In addition to the recordings, another important part of FUSE consists of transcriptions. The mark-up guidelines of the transcriptions follow the ones used in the SCOTS corpus but include some additional elements. The general mark-up guidelines from SCOTS can be seen below in the block quotation, followed by the additional tags and their descriptions.
Stretches where more than one participant is speaking at the same time are marked in the transcription by double slashes ( // ) surrounding the words which overlap:
Speaker 1: …although it might come across //as being arrogant.//
Speaker 2: //[laugh]//
Here Speaker 2’s laugh overlaps with the final three words of Speaker 1’s utterance.

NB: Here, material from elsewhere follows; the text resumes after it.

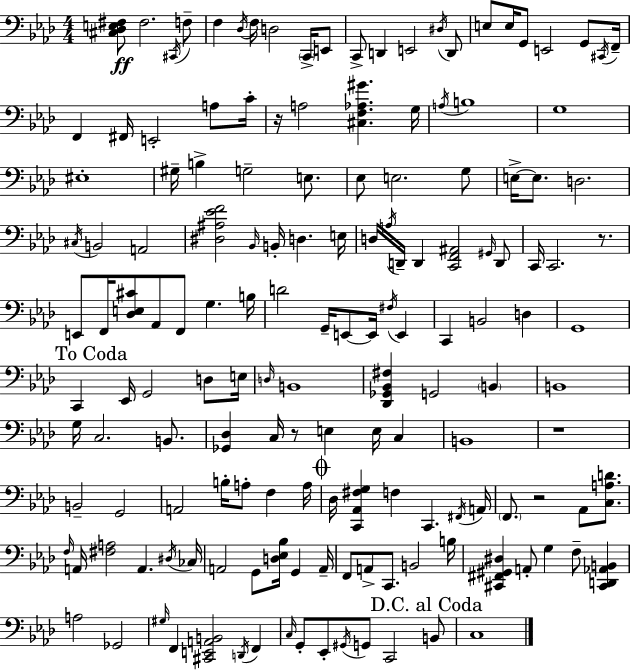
[C#3,Db3,E3,F#3]/e F#3/h. C#2/s F3/e F3/q Db3/s F3/s D3/h C2/s E2/e C2/e D2/q E2/h D#3/s D2/e E3/e E3/s G2/e E2/h G2/e C#2/s F2/s F2/q F#2/s E2/h A3/e C4/s R/s A3/h [C#3,F3,Ab3,G#4]/q. G3/s A3/s B3/w G3/w EIS3/w G#3/s B3/q G3/h E3/e. Eb3/e E3/h. G3/e E3/s E3/e. D3/h. C#3/s B2/h A2/h [D#3,A#3,Eb4,F4]/h Bb2/s B2/s D3/q. E3/s D3/s A3/s D2/s D2/q [C2,F2,A#2]/h G#2/s D2/e C2/s C2/h. R/e. E2/e F2/s [Db3,E3,C#4]/e Ab2/e F2/e G3/q. B3/s D4/h G2/s E2/e E2/s F#3/s E2/q C2/q B2/h D3/q G2/w C2/q Eb2/s G2/h D3/e E3/s D3/s B2/w [Db2,Gb2,Bb2,F#3]/q G2/h B2/q B2/w G3/s C3/h. B2/e. [Gb2,Db3]/q C3/s R/e E3/q E3/s C3/q B2/w R/w B2/h G2/h A2/h B3/s A3/e F3/q A3/s Db3/s [C2,Ab2,F#3,G3]/q F3/q C2/q. F#2/s A2/s F2/e. R/h Ab2/e [C3,A3,D4]/e. F3/s A2/s [F#3,A3]/h A2/q. D#3/s CES3/s A2/h G2/e [D3,Eb3,Bb3]/s G2/q A2/s F2/e A2/e C2/e. B2/h B3/s [C#2,F#2,G#2,D#3]/q A2/e G3/q F3/e [C#2,D2,Ab2,B2]/q A3/h Gb2/h G#3/s F2/q [C#2,E2,A2,B2]/h D2/s F2/q C3/s G2/e Eb2/e G#2/s G2/e C2/h B2/e C3/w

Transcribers have used the following tags:
Sometimes words or sequences of words have been censored from documents, principally so that individuals may not be identified. Where this has been done, a Censored tag indicates what has been removed as follows:
“Don’t put your fingers in it though, [CENSORED: forename]. Cause you’ll be a mucky pup.”
Other items which may be censored include postal addresses, email addresses, place names, phone numbers, and company names.

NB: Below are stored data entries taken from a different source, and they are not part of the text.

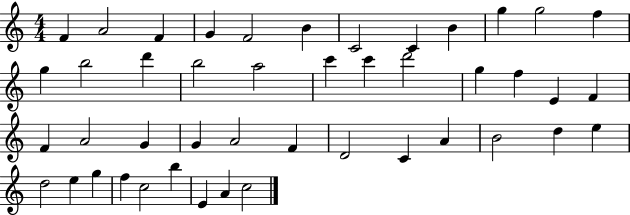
X:1
T:Untitled
M:4/4
L:1/4
K:C
F A2 F G F2 B C2 C B g g2 f g b2 d' b2 a2 c' c' d'2 g f E F F A2 G G A2 F D2 C A B2 d e d2 e g f c2 b E A c2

Where this applies to an audio transcription, the corresponding section of the audio file has been replaced by a beep (or, in certain circumstances, silence). Censoring of personal or sensitive information has occasionally been necessary in written documents too, and is marked in the same way as above.

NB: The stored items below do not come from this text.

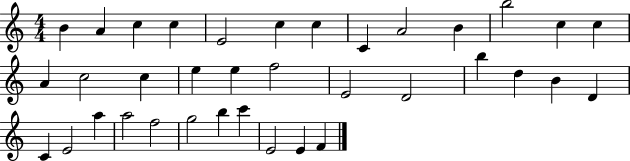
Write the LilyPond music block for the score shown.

{
  \clef treble
  \numericTimeSignature
  \time 4/4
  \key c \major
  b'4 a'4 c''4 c''4 | e'2 c''4 c''4 | c'4 a'2 b'4 | b''2 c''4 c''4 | \break a'4 c''2 c''4 | e''4 e''4 f''2 | e'2 d'2 | b''4 d''4 b'4 d'4 | \break c'4 e'2 a''4 | a''2 f''2 | g''2 b''4 c'''4 | e'2 e'4 f'4 | \break \bar "|."
}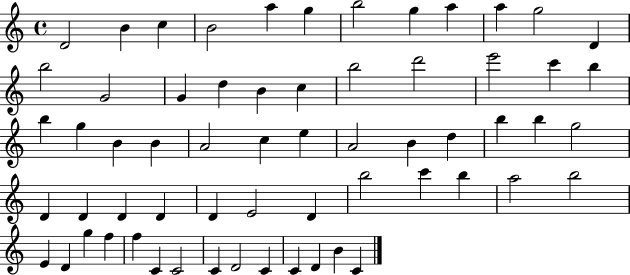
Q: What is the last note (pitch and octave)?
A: C4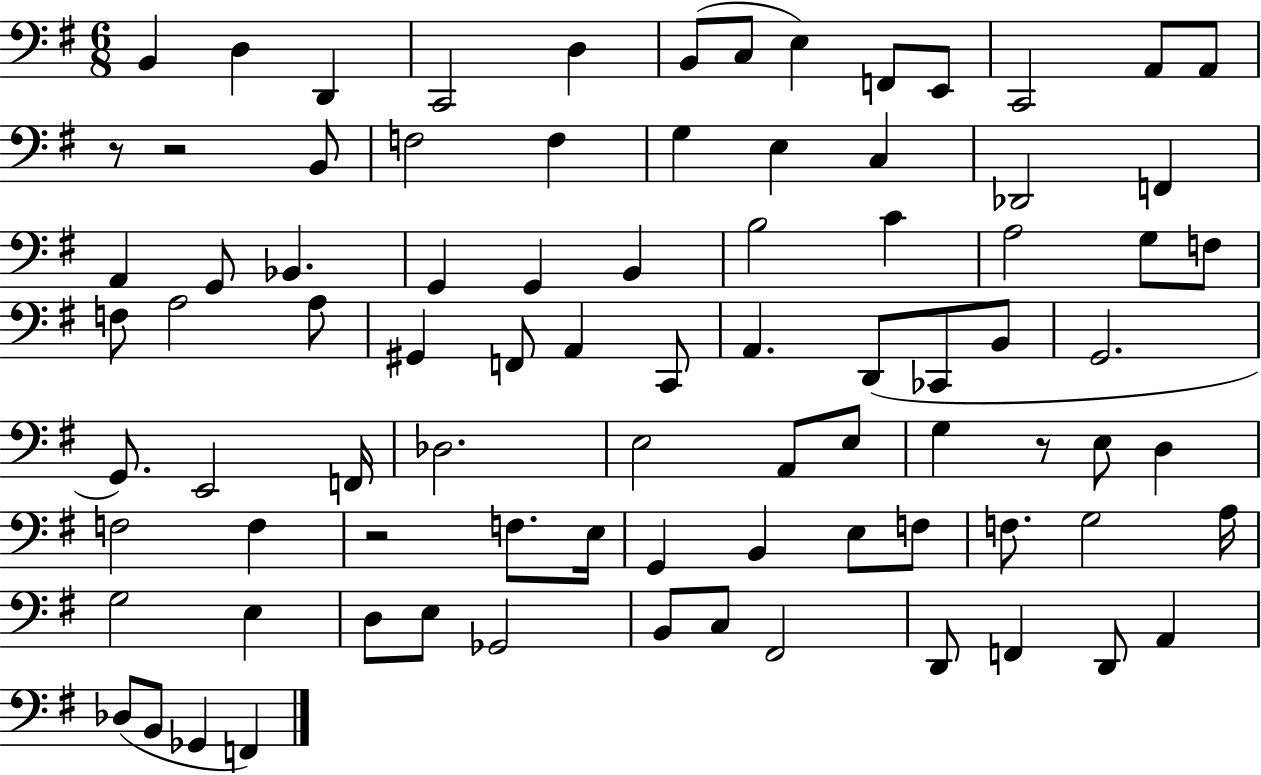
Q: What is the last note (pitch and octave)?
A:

Words or longer stretches which the transcriber has not been able to hear or understand appear as follows:
“Yeah, what kind of cup was this [inaudible]?”
Parts of the transcription where the transcriber and checker are unsure are surrounded by question marks: [?]…[/?]
“they’re chaffin away [?]crattlin[/?] these toy cups”
Words marked as unclear are not indexed, and do not contribute to the word count.
False starts and truncation
False starts, stammering and truncated words are tagged and appear in the transcription followed by a hyphen:
“nineteen f-f-f- fifty-nine Triumph.”
“Everybody got a Chri- the whole class got a Christmas present.”
These are not indexed, and do not contribute to the word count.
Semi-lexical items (‘mmhm’, ‘erm’, ‘uh-huh’ etc) appear unmarked in the transcription, but are tagged in the underlying form.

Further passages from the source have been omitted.